8. The Nokia 3810 was not the only handset that could be the subject of a bundled sale contract. The following table illustrates the pricing of selected handsets under various plans offered by Optus:
+------------------------------------------------------------------+ | Phone | Normal | ``Yes'' 30 | ``Yes'' 60 | ``Yes'' 90 | | | SRP | | | | |------------------------------------------------------------------| | Motorola D628 | $475 | $99 | $0 | $0 | |------------------------------------------------------------------| | NEC Fido | $513 | $99 | $29 | $0 | |------------------------------------------------------------------| | Nokia 1610 | $545 | $139 | $49 | $0 | |------------------------------------------------------------------| | Ericsson GA628 | $565 | $159 | $69 | $0 | |------------------------------------------------------------------| | Panasonic G500 | $699 | $249 | $159 | $69 | |------------------------------------------------------------------| | Nokia 3810 | $769 | $299 | $199 | $99 | |------------------------------------------------------------------| | Nokia 8110/8110i | $939 | $419 | $329 | $239 | |------------------------------------------------------------------| | Ericsson GH688 | $955 | $429 | $349 | $249 | +------------------------------------------------------------------+
9. The second column headed ``Normal SRP'' is the suggested retail price to be paid for the handset in question without commitment to any plan. For example, the suggested retail price for a Nokia 3810 was $769. If a customer wanted access to the mobile telephone network of Optus without any commitment, the customer would be able to pay the activation fee of $65 and buy a Nokia 3810 for $769 and then simply pay for calls made in addition to a monthly access fee.

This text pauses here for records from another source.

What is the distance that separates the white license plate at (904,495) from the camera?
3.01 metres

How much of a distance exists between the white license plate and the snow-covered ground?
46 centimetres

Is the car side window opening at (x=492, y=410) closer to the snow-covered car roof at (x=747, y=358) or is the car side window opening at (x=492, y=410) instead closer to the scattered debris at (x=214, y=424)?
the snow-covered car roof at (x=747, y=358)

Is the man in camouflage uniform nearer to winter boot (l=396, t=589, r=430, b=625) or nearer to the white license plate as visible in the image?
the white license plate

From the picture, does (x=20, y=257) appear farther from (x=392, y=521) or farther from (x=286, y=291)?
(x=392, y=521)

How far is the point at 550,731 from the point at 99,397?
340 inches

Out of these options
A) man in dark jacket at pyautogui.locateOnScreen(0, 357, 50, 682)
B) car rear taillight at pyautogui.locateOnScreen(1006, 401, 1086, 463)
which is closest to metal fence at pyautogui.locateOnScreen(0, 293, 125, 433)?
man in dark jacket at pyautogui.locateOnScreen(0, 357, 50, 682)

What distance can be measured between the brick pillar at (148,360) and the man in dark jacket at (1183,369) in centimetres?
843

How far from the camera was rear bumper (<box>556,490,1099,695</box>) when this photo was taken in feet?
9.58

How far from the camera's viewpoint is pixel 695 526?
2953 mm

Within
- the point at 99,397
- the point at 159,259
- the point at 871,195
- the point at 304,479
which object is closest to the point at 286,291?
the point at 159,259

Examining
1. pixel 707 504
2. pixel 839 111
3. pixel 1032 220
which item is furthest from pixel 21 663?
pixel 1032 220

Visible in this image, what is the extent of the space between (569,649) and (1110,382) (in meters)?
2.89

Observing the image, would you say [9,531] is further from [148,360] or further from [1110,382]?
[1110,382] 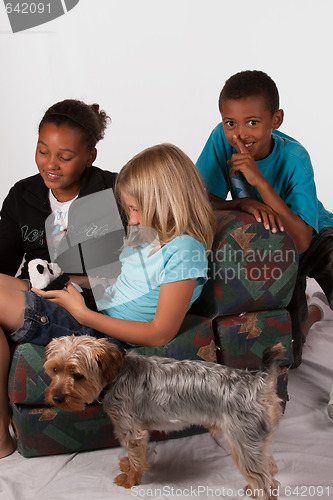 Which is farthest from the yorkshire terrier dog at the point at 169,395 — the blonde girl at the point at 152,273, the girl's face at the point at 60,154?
the girl's face at the point at 60,154

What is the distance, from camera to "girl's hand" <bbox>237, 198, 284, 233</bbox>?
1965mm

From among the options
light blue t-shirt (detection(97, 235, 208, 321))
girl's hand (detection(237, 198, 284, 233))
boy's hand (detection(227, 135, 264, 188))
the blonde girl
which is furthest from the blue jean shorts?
boy's hand (detection(227, 135, 264, 188))

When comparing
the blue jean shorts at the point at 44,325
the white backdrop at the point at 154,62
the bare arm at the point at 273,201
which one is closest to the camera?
the blue jean shorts at the point at 44,325

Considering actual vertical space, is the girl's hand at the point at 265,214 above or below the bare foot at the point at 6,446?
above

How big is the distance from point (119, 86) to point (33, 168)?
30.4 inches

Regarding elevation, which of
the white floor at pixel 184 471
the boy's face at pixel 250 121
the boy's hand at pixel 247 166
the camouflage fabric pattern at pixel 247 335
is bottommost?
the white floor at pixel 184 471

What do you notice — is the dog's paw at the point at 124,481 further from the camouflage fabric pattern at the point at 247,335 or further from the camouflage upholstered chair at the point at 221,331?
the camouflage fabric pattern at the point at 247,335

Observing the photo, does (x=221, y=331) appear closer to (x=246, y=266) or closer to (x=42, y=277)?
(x=246, y=266)

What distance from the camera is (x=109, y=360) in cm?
168

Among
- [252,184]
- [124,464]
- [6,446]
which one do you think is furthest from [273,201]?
[6,446]

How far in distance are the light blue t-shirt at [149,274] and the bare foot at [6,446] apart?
1.61 ft

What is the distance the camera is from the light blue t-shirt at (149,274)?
6.08 feet

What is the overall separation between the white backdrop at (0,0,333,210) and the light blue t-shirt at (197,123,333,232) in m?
1.71

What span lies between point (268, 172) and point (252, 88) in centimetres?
31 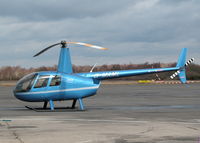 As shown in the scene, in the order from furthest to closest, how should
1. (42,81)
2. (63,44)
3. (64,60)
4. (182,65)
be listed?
(182,65) → (64,60) → (63,44) → (42,81)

10. A significant fact that appears from the table is that, in some cases, a customer may, in consideration for a commitment to a particular plan, be given a handset without cost. The significance of that will appear below.
Statutory framework
11. For reasons that are not presently relevant, the sale of the Nokia 3810 to Optus was not taxable under the Act. However, the sale of the mobile telephone handset by Optus directly to Fields, through Optus World Pymble acting as an agent for Optus, was taxable. The sale was an ``indirect marketing sale'' as provided in section 20 of the Act. Section 20 is in the following terms:
``20 A sale of assessable goods is an indirect marketing sale if it is a retail sale made by a person ( `the marketer' ) who is not the manufacturer of the goods and the sale is made:
- (a) under an arrangement that provides for the sale of the goods to be made by a person who is acting for the marketer but is not an employee of the marketer; or
- (b) from premises that:
- (i) are used, mainly for making retail sales of goods, by a person or persons other than the marketer; and
- (ii) are held out to be premises of, or premises used by, the other person or persons.''
12. An indirect marketing sale is an assessable dealing under Item AD2d in Table 1 in Schedule 1 of the Act. That provision relevantly provides as follows:
+----------------------------------------------------------------------------+ | [1] No. | [2] Assessable dealing | [3] Person | [4] Time | [5] Normal | | | | liable | of dealing | taxable value | |----------------------------------------------------------------------------| | AD2d | indirect marketing | seller | time of | the notional | | | sale as defined by | | sale | wholesale | | | section 20 | | | selling price | +----------------------------------------------------------------------------+
Thus, Optus was liable to pay sales tax in respect of the ``indirect marketing sale'' of the Nokia 3810 to Fields on the ``notional wholesale selling price''. That term is defined in Note 2 to Table 1 in Schedule 1 of the Act as follows:
``The price (excluding sales tax) for which the taxpayer could reasonably have been expected to sell the goods by wholesale under an arm's length transaction.''
The Commissioner contends that in the present case that price was $538.30, while Optus contends that the notional wholesale selling price was $199 or some lesser sum.
Reasoning
13. Clearly the notional wholesale selling price is not the price for which a taxpayer actually sells goods by retail. The question is:
``What is the price for which the taxpayer could reasonably have been expected to sell the goods by wholesale under an arm's length transaction?''
The question so posed contemplates a hypothetical transaction, being a wholesale sale of the goods in question by the taxpayer under an arm's length transaction. It is the expectations of the taxpayer in question that must be considered and, accordingly, it is necessary to endeavour to ascertain, at least on a hypothetical basis, the price for which the particular taxpayer itself could reasonably have been expected to sell the goods in question under an arm's length wholesale sale.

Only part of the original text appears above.